STU: It's interesting.
And it's still -- but it's not a message movie, right? I'm not going to go in there --
GLENN: I think it is a message movie. But it's a message you'll like.
STU: But also, it's a good movie.
GLENN: Oh, yeah, it's a great movie. A great movie. It's great.
STU: A good super --
GLENN: I mean, just, the visuals on it are great. I think it's even going to change -- I think it will change clothing.
I think you will see clothing styles in the African-American community change. And if not, you get that one for free. Anybody who is in the clothing industry for African-American --
STU: Huge textile industry, that listens to your show.
GLENN: Huge. I'm telling you that the costuming, I think, will change fashion.

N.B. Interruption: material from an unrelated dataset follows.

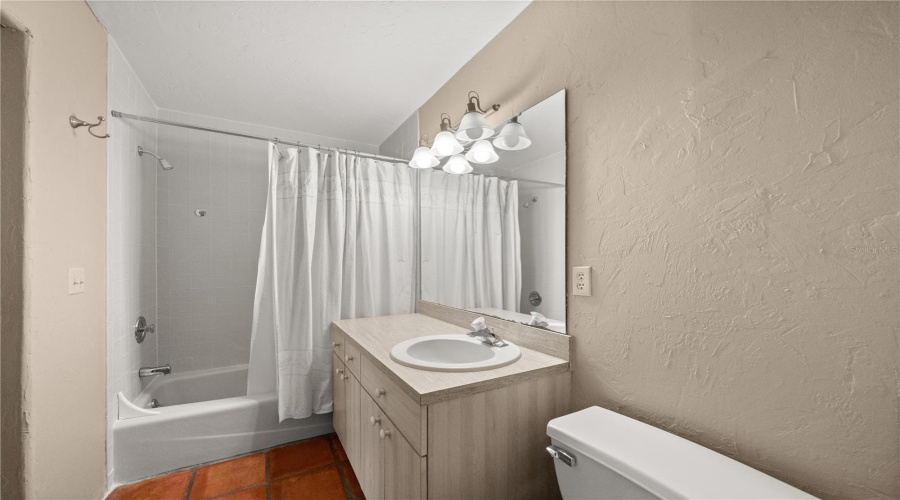 Weirsdale, Florida 32195, 4 Bedroom Bedrooms, ,4 Bathroombathrooms,Residential,For Sale,Sunset Harbor,0,Mfrom721755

STU: I was watching the Slam Dunk Contest, which I'm sure you did as well this weekend.
GLENN: Oh, my gosh, yeah.
STU: But one of the guys put on a Black Panther mask for one of his masks. It's one of those things that's really penetrating beyond movies and --
GLENN: You know, I -- I -- I didn't -- I don't think I really understood it until I went and I was like, okay. Come on. There's been black casts before. No. Not like this. Not like this. This is groundbreaking.
This is a history-making movie. And because of that, it will win every single award.